相手が罪悪感を覚えるところまでおびき寄せるということもあります。
ちょっと言い過ぎたというところで、こちらの主張を通します。
いずれにしても、相手の意見に応酬するのではなくて、
受容して傾聴するということがよろしいかと思います。
4つ目は、頭の中に絵を浮かばせる
説明というのは左脳なんです。
ずっと説明だけをしていると、左脳、左脳、左脳を使っているわけです。
そうではなくて、相手に動いてもらうためには、左脳だけではなくて右脳を使ってもらう必要があります。
そのためには、ストーリーを語って、相手の頭の中に絵を浮かばせるんです。
「空き家があると何かと心配ですよね。浮浪者が入ることもあるし、火災の心配もあります。
でも今回、売却ができれば、きれいな新しい住宅が立ち並んで、風景も明るくなるんじゃないでしょうか」
「今回、境界の確認ができれば、コンクリート製で長さが60cmある杭を設置します。
穴を掘って地面の中でセメントで固めますから境界杭は少しの衝撃では動きません。
境界の位置がハッキリ見えますから安心ですよ。」
「〇〇さん今回、土地を売却したお金を老人ホームに入居する資金にするんです。3ヶ月後には引っ越しされるようです。」
もちろん個人情報は、どこまで言ってもいいかは確認をしておく必要があります。
絵が浮かぶ話しをたくさん用意しておいて、的確なタイミングで絵が浮かぶように話しをします。
説明だけだと人は動きません。
相手に絵を浮かばせることで、承諾をいただける可能性が高まります。
5つ目は、イエスをもらうための交渉テクニック
境界確認をする上で、テクニカルなことも使っていきます。
しかし、ここで紹介するような技術は、少し勉強をしている人であれば知っていることが多いです。
特に営業職をされている人は、ほとんど知っている技術です。
あまりにテクニックを多用すると、なんか誘導されてるような、いや~な空気になります。
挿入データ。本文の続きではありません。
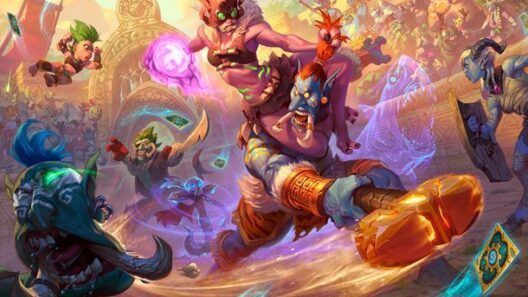 Hearthstone La Arena de Rastakhan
テクニックでなんとかしようと思うとその気持が相手に伝わります。
あくまでも誠実な姿勢で、仕事を成功させたいという願いと一緒に、重要なピンポイントで技術を使うことをお勧めします。
①同調効果
人は、みんなが協力をしているのに、自分だけは違う行動を取るというのは難しいです。
なので、「みなさま」という言葉はよく使います。
「周りのみなさまに境界線の確認をお願いしております。」
あとは、近隣ですでに署名捺印を頂いている立会証明書など書類があれば、
その書類を何気なくチラつかせる。ということもあります。
たまに同調圧力が、まったく関係ない人もいるので、
そういう人には、違う手法を使っていきます。
②AorB
人は二者択一で選択を迫られるとどちらか選んでしまう性質があります。
なのでどちらを選んでも、こちらの目的が達成できるようにAorBを作ります。
「境界立会いをしていただけるなら、土日と平日どちらでしょうか」
「午前と午後でしたら、どちらのほうがよろしいでしょうか」
「境界標を設置するとしたら、金属プレートとコンクリート杭のどっちでしょうか」
AorBをつくって、相手に選択してもらいます。
ただしAorBを連発しちゃうと誘導している嫌な感じになっちゃいます。
なので、肝心なところで1回だけAorBを使います。
③最初に無理目のことをチラッと言うということもあります。
「法務局の地積測量図の数値を見ると塀よりも、さらに〇〇様側の土地に入ったポイントが境界になります。」
「ただし、測量図も古くて、今と測量の精度も違いますし、測量を依頼した〇〇さんも塀の中心が境界だと言っています。」
「塀の中心が境界ということで、確認をいただけますでしょうか。」
若干、無理目の話しをしてから、本来の要求をすると成功率は上がります。
これはドアインザフェイステクニックと言います。
ただし、無理目の話しをあまり、しつこくしたり、強調すると、
めちゃくちゃ相手が怒り出すので、あくまでチラッと無理目のことを言います。
④イエスセット話法
イエスを積み上げていくと、相手との親近感も湧いてくるし、一貫性の法則というのがあって、次のイエスがもらいやすくなります。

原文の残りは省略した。